Nor does acknowledging that targeted populations lack privilege mean that every person of color is doomed to a terrible life. The vast majority of people of color and other target groups manage to live fulfilling, loving, productive lives in spite of all the obstacles. One way I can support my friends of color is by seeing and acknowledging their strength and resilience, not just their pain, by appreciating and celebrating their gifts, by entering into real relationships of equals where we can all be seen in the fullness of our flaws and virtues.

One of the core aspects of privilege is simply not having to work hard to be seen—seen as a person, a full and complex human being. Racism and its cousins make individuals and whole groups invisible, not the subjects of history but the objects, the Other, as Simone Beauvoir noted that women become under male supremacy. A man can simply be an artist, a woman too often is labeled a Woman Artist. A white man can be a writer, a person of color too often is seen as a Black Writer or an Asian Novelist or a Latino Poet. Women often report this common experience: a woman makes a suggestion in a meeting that goes unheard. Ten minutes later, a man makes the same suggestion and is greeted with acclaim.

For a person from a target group whose people have been made invisible and devalued for centuries, whose lives are currently taken with impunity, whose contributions too often go unrecognized or unrewarded, asserting value becomes a life-and-death issue. Being unseen or undervalued can feel like erasure, a form of death.

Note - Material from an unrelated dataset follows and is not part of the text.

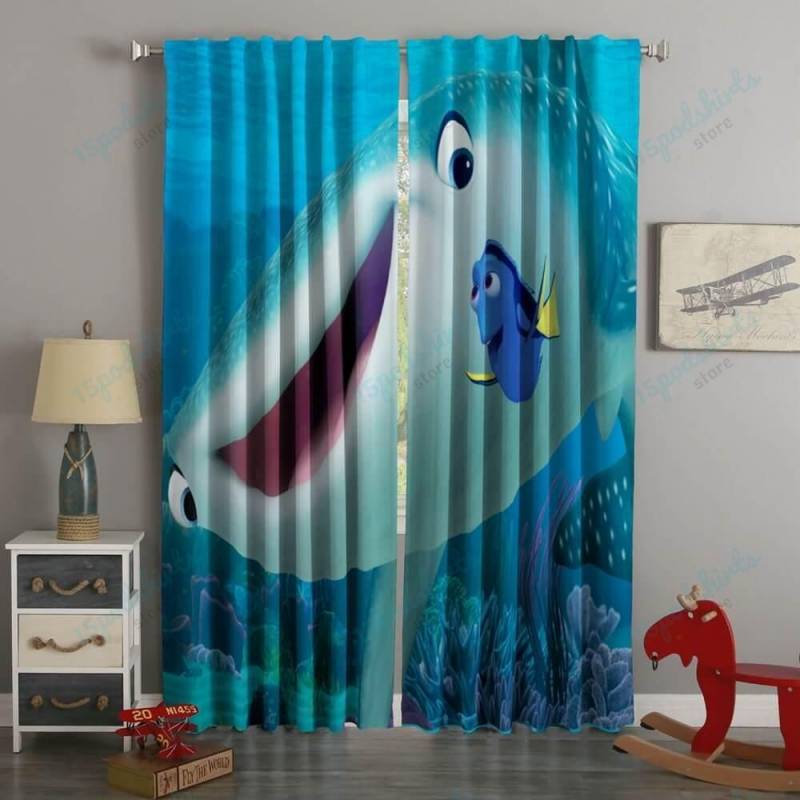 3D Printed Finding Dory Style Custom Living Room Curtains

Privilege can also work in more subtle ways. One of them is what I call protagonitis—the assumption that the white person or the male is the lead role, the protagonist, in any story. Hollywood loves this—there are a lot of movies about the noble white teacher uplifting her poor ghetto students, very few about those ghetto folks uplifting themselves.

We all get to be the star in our own lives. Indeed, that was one of the key things the feminist movement continues to fight for—that women get to play lead and not always be relegated to mere supporting roles.

But when we go into someone else’s community, we are not the center of their story. Support can be a noble role. Think of Lord of the Rings—Frodo, the little hobbit, is the protagonist. He carries the ring. His supporters are far more powerful—wise wizards, magical elves, kings and warriors. But they are not the protagonists. He is. They lend their power to his quest.

When we step into someone else’s community, or support a struggle led by another group, we might get to be Gandalf or Aragorn or Galadriel or Sam, but we need to remember who is carrying the ring. The story is not about us, and that’s okay. One of the best things we can do with privilege is to put it at the service of a quest led by those who have been most impacted by injustice. And we don’t have to feel hurt or defensive when someone says, “Hey, back off. This is my ring! Don’t try to snatch it!”

There are other subtle ways that racism divides us. One is sheer unfamiliarity with another culture. “Culture” is still overwhelmingly white, male and European—Black Studies or Women’s Studies or Native American Studies are relegated to the sidelines, if they haven’t had their funding cut altogether. Few of us learn much about these cultures and heritages in school unless we take special courses or make special efforts, whereas black or Latino or Native American or Asian students learn a lot about European culture and white history. People of the dominant culture can be rich, successful and socially prominent without ever knowing a damn thing about African civilizations or Spanish poetry. But to survive, to pass and to succeed, people of color need to know European history and literature and speak standard English.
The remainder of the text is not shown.